Conclusions of Panel Debate on 22 January 2016, Berlin
Berlin, 22 January 2016 – The drastic reform measures by Poland’s newly-elected Law and Justice Party (PiS) risk politicising and paralysing the Constitutional Tribunal and are therefore a danger to democratic institutions in Poland. This was the main conclusion of a panel debate on Polish democracy organised in Berlin today by Democracy Reporting International and the Humboldt-Viadrina Governance Platform.
The debate followed the decision of the European Commission on 15 January to launch a rule-of-law probe into Poland’s compliance with the EU’s democracy standards and heated debates in the European Parliament.
The panelists did not question that PiS had legitimately won a majority in the October 2015 parliament elections, and that many Polish voters agreed with the party’s line that Poland needs fundamental reforms in the social, economic and political field. However, many speakers expressed concern that the party was over-reaching, trying to effect a complete ‘regime change’ away from democracy, although it won the elections within this democratic system. The panel expressed particular concern that PiS seemed to disrespect the rule of law, one of the fundamental values of the European Union.

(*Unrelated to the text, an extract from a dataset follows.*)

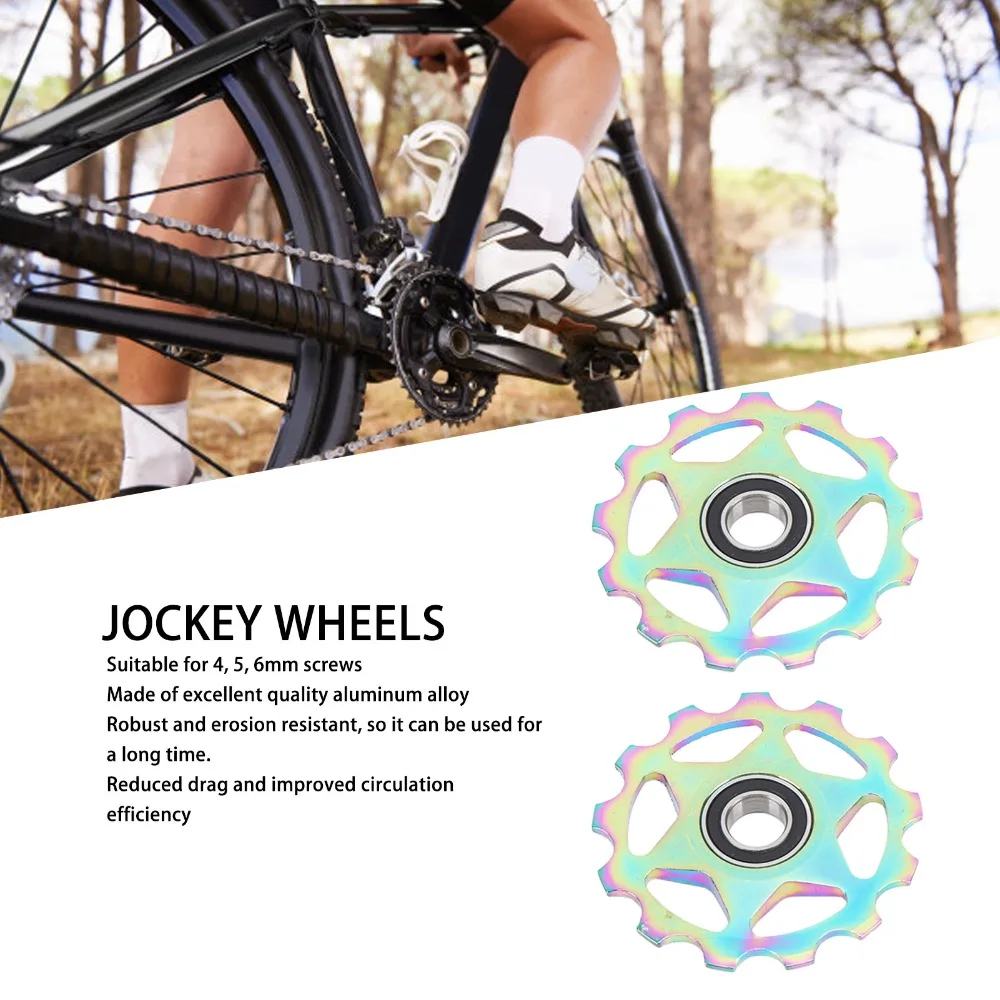 2PCS Aluminum Alloy Bike Rear Derailleur Wheel Lightweight with Adapter Sleeves Bike Guide Roller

Prof. Gesine Schwan, a political scientist and key figure in German-Polish relations for decades, noted that the gains of PiS should be seen as part of a wider malaise with democracy in Europe – a sense that voters in many countries had too little to say in the face of pressures of globalisation and strong EU member states, notably Germany. She however rejected PiS’ response to focus on nationalism and to concentrate power.
Prof. Tomasz Pietrzykowsky from the law chair at Katowice University noted that some of the recent reforms raised serious concerns, in particular in relation to the Constitutional Tribunal and the public prosecutors. He nevertheless judged that overall there were still strong checks and balances in the Polish system, in particular an independent judiciary, private media and local self-government.
Dr. Kai-Olaf Lang, expert on Poland at the German Institute for International and Security Affairs, stressed that PiS should be seen as a party of conviction that represents the beliefs of a considerable part of the Polish electorate. He described the party’s culture as ‘antagonistic majoritarianism’ and warned that Poland risked loosing the political center.
Constitutional expert Michael Meyer-Resende from Democracy Reporting International indicated that Europe should draw a clear line between legitimate implementation of political programmes on the one hand and unacceptable changing of the rules of the game of democratic competition. He welcomed the launching of the EU’s rule-of-law framework as the right signal. He argued that the government change in Poland showed that democracy works and underlined that it should remain that way.